Alex Raymond’s Flash Gordon Vol. 7: More newspaper strippery. I’m pretty sure this is the concluding volume of Checker’s effort to reprint the entire Alex Raymond run on the seminal newspaper strip. Hardcover, landscape format, as usual.

Golgo 13 Vol. 6 (of 13): One Minute Past Midnight: Man, now that VIZ has somehow managed to synch up their bookstore and Direct Market releases for once, I couldn’t even tell you what’s actually in this particular volume. The safe money’s one someone being shot. At night?

Naoki Urasawa’s Monster Vol. 6 (of 18): This is here too. I sure wish I had something thrilling to say about all eighteen volumes, but no.

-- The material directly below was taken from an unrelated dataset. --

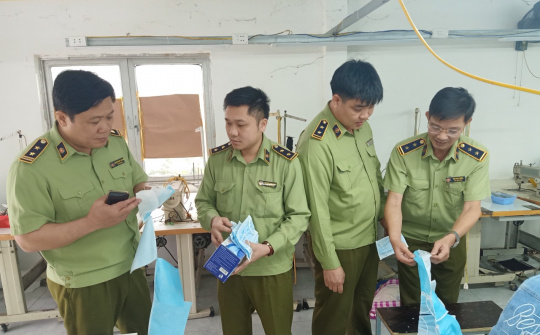 Phát hiện cơ sở kinh doanh mỹ phẩm nhưng "sản xuất" nước rửa tay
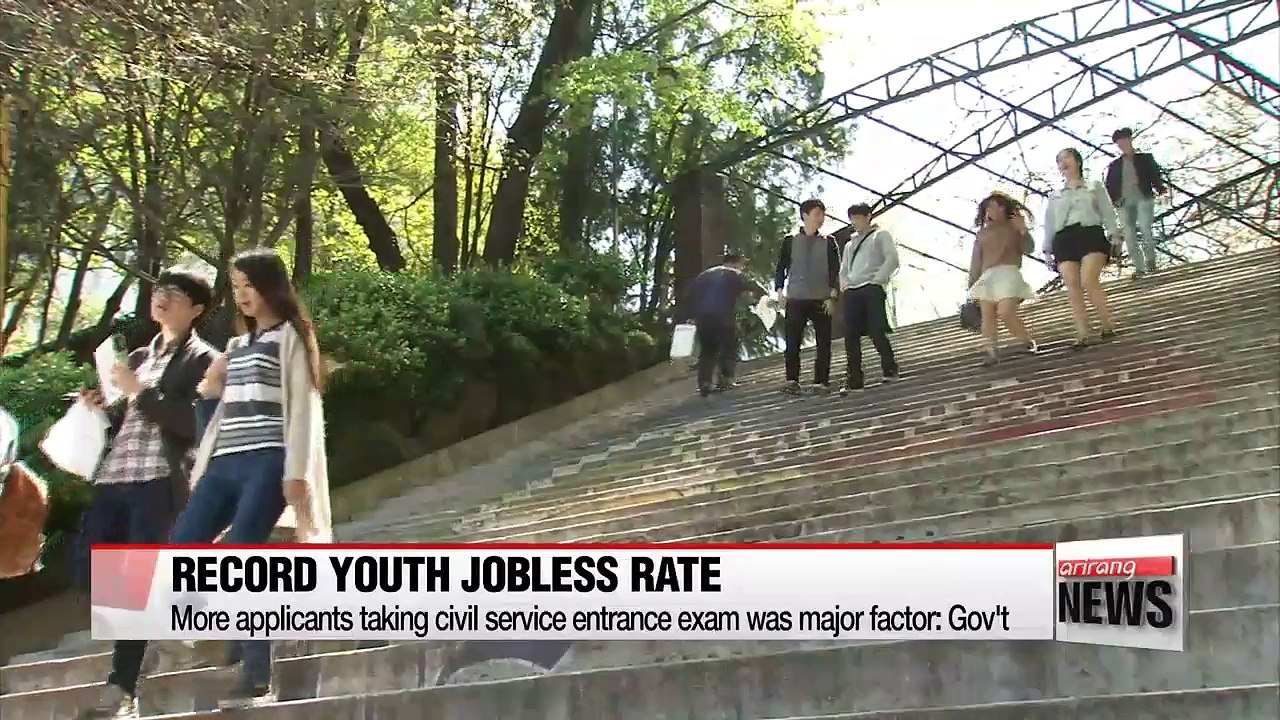 Korea's jobless rate among young people peaks in February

The Vault of Michael Allred #3 (of 4): Continuing the publication of Allred’s scrapbook in pamphlet format; last issue ended with the publication of Red Rocket 7, so we’re moving a little closer to the present and (most fortunately) away from the hype tsunami that was the breakthrough of Madman. Not that I mind that Allred had a very successful book (I like Madman fine myself), but page upon page upon page of seemingly everyone in the comics universe (except the Comics Journal) all but inventing fresh English terms to heap additional praise onto the title does get a little numbing after a few dozen pages of it in a collection like this. But that frankly says more about the contemporaneous comics press’ status as booster and buzz factory as it does about Allred, who’s nothing if not a comprehensive compiler of stuff from aboveground publications and his own output.

John Woo’s Seven Brothers #3: Ok, I think we’re almost through with the premise-setting. And by that, I mean sequences of characters literally sitting around and hearing another character explain to them the premise. Hopefully done with that.

Ramayan 3392 AD #4: Meanwhile, here’s a Virgin book that’s captured my attention without the benefit of familiar names on the creative team (at least beyond a supervisory level). A blood and thunder dim future retelling of the legendary exploits of Rama; not the freshest idea in sequential art, but fairly entertaining in execution.

Ghost in the Shell 1.5: Human-Error Processor #3 (of 8): Starting a new storyline, despite what Dark Horse’s online solicitation says. Please consult this preview for large guns and explosions and girls in skintight glowy suits and tall buildings. And footnotes, can’t forget those.

Elephantmen #5: Just an ongoing series I’m reading.

Criminal #3: Same here.

52 #33 (of 52): It’s the obligatory Christmas issue, featuring Batwoman. You can also enjoy a ho ho horrific origin of disfiguration and madness with Mark Chiarello’s Two-Face backup. Unless the Joker one shows up, which I think would be even more festive.

The Punisher MAX #42: Last issue was a particularly good one, underlining the sense of futility and half-comical resignation as to awful human affairs that runs throughout this book, in between the bringing down of planes and the hiding of handy blades inside oozing wounds. Sometimes you save the village, sometimes you step on an unexploded landmine in the middle of a conversation. This is the last issue of the storyline, and I’m going to wager that absolutely none of the recurring cast members are left standing save for Frank and probably that British guy who had a cameo a few issues ago.